* EXERCISE *
Could you filter the records below and return each line that holds "image"?

* SOURCE DATA *
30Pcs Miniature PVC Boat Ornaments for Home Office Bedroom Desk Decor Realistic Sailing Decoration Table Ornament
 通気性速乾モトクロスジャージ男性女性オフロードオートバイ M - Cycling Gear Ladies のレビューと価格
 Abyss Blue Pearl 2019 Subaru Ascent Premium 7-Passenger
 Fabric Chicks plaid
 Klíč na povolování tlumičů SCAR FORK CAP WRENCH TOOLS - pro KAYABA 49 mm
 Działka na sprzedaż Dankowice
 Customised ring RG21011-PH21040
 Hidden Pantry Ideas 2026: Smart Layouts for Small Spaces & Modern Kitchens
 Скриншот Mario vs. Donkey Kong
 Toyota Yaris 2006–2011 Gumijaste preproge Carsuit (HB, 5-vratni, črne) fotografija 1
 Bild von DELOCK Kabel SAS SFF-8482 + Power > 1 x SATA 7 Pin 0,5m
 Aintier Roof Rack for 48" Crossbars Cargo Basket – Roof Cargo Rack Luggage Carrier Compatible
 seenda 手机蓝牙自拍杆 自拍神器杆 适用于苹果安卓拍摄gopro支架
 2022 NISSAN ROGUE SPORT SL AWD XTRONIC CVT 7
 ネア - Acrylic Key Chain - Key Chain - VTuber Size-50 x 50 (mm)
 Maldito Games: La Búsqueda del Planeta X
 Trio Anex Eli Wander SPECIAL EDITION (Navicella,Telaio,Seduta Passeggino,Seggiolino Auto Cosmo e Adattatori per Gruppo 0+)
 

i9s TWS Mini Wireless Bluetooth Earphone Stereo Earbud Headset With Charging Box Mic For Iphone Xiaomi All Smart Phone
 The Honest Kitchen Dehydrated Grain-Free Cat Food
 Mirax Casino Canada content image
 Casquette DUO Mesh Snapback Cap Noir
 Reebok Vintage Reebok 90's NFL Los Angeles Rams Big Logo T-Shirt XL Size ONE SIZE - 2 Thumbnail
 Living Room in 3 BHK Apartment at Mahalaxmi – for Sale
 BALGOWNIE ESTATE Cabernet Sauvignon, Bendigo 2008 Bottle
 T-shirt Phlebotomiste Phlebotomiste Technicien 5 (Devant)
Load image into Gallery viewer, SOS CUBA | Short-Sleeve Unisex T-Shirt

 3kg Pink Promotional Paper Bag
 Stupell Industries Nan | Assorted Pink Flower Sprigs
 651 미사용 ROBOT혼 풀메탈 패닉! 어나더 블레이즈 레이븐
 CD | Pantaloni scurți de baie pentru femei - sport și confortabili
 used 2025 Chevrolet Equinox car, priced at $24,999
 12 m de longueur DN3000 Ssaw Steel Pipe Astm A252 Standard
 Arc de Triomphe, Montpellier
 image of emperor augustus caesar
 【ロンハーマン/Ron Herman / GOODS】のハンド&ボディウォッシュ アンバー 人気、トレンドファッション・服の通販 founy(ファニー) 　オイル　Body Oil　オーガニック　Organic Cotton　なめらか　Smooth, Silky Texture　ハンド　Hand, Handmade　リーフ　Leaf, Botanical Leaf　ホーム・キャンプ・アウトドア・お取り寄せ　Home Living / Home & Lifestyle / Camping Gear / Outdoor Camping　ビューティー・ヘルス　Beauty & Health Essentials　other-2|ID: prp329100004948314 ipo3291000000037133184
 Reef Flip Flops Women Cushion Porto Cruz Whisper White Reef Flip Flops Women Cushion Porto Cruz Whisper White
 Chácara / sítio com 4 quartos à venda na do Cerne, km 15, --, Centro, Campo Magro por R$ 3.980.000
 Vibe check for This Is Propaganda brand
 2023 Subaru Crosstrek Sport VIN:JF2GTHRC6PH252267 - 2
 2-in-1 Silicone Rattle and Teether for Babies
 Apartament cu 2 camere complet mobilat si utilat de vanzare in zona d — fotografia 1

* ANSWER *
 Mirax Casino Canada content image
Load image into Gallery viewer, SOS CUBA | Short-Sleeve Unisex T-Shirt
 image of emperor augustus caesar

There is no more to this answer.